Directors always want a lot while the producers say there is a limited budget, so Bremble's job is to use all the available resources in a cost-effective way.
"Domestic investment in this field generally varies from hundreds of thousands of yuan to millions of yuan," said Xie Ning, vice-president of Base FX.
The cost of visual effects in Chinese movies takes up just 5 to 10 percent of the total budget, far less than that in Hollywood productions, where it usually ranges between 15 and 30 percent, sometimes even rising to 80 percent, as it did for the blockbuster Transformers.
However, there are some exceptions in China, such as Feng Xiaogang's Aftershock in 2010, a blockbuster that took in 660 million yuan ($105 million) at the box office. Its visual effects cost 30 million yuan, accounting for more than 15 percent of the whole investment, said Wu Yan, general manager of Technicolor (Beijing) Visual Technology Co Ltd, a joint venture that took part in the film's visual effects production.
"In China, the film industry is still very much a star-based film industry, and the visual effect is just a tool, playing the supporting role," said Bremble.
"But in the West, it plays a primary role. Hollywood movies' ambitions are more global, and visual effects help to translate them to every market."
As the industry is just in the initial stage of development, the mechanism for undertaking the film visual effects business is different from that in Hollywood.
Since most Chinese directors and producers don't have much idea about this field, including how it works and the advantages of different visual effects studios, the modus operandi is that film producers outsource the total work to one company. In comparison, in Hollywood, film producers are in charge of the distribution of visual effects work, so they directly contact several studios, allocating specific work to specific visual effect providers, since they know exactly what their strengths are in terms of skills, according to Xie.
"For us, we would consider outsourcing part of the work to overseas studios on the condition that the budget allows this, and the technology required is more than we could afford," said Wu.

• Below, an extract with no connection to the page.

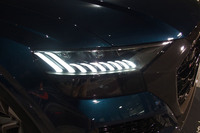 「RS Q8」には、搭載カメラの映像情報を元に、走行状況に合わせ配光を制御する「HDマトリクスLEDヘッドライト」が装備される。点灯時の“夜の顔”も特徴的で、なかなかイケメンである。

A British studio - Moving Pictures Company - was responsible for the earthquake scene in Aftershock.
"The current problem for the industry is the shortage of professionals with experience in this field," Wu said.
He added that while the gap in technology can almost be ignored as it's not difficult to overcome, finding people with the skills to operate the equipment is what matters most.
Bremble and his team at Base FX have conducted lectures at Chinese universities and colleges over the past 18 months, including China Academy of Art, Huazhong University of Science and Technology and Northeastern University.
In the talks to students on animation, Bremble and his team sought to outline what Base FX does and the requirements of the industry.
"Getting young people excited about what we do and understand the industry, as well as training those who show potential to be creative professionals are the two major challenges facing us," Bremble said.
Although China's movie post-production market is not growing as fast as that of the whole industry, it is developing steadily as growing numbers of directors and producers want to add visual effects to their work, Wu said.
In terms of the prospects for making money in the field, both Xie from Base FX and Wu from Technicolor said that they currently just break even, as the profits they earn from projects are soon reinvested in the renewal of equipment and upgrading technology.
"I am rather positive about the industry's future in China, because, with the maturing of the market, investors will be willing to put more capital into visual effects," Wu said, "And then everything will be different."